If you are still considering making Individual Retirement Accounts (IRA) adjustments, you do not need to hurry because you can make adjustments up until the end of the tax season next year. After the holiday season is over, you should take a look at the IRA limits for 2014 and other rules that will impact your 2014 taxes. If you want to open an IRA, then also you can use these tips to maximize your savings without falling out of compliance.
Your IRA contribution for 2014 must not exceed $5,500. If you are 50 years old or older, then the maximum limit is $6,500. You can make an IRA contribution up to April 15, 2015, for it to count for your 2014 taxes. If you make contribution that exceeds the IRA limit for 2014, then you will need to pay a 6% tax on the amount that is in excess.
Even if you have contributed in excess, if you remove the excess amount before April 15, 2014, you can avoid the 6% tax. If you take an extension to pay, then it also applies to taking out excess contributions from IRAs.

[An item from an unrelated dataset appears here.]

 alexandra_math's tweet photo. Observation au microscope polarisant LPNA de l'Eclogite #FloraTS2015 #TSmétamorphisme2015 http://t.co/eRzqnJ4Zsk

If you file jointly, you get an additional benefit. Even if only one of you has taxable income, both you and your spouse can contribute to an IRA.
If you are 70½ and older, then you must take a required minimum distribution (RMD) from your traditional IRA. If you have multiple IRAs, then you will need to calculate the RMD for each account separately. However, you can take out the total amount from one or more accounts.
If you do not take out the RMD from your IRAs, then you face a 50% excise tax on the RMD amount that you did not take out. You are not required to take out RMD from your Roth IRA.
If you contribute to IRA or another retirement plan, you may check if you qualify for the saver’s credit. The maximum credit allowed for individuals is $1,000. For married couples filing jointly, it is $2,000.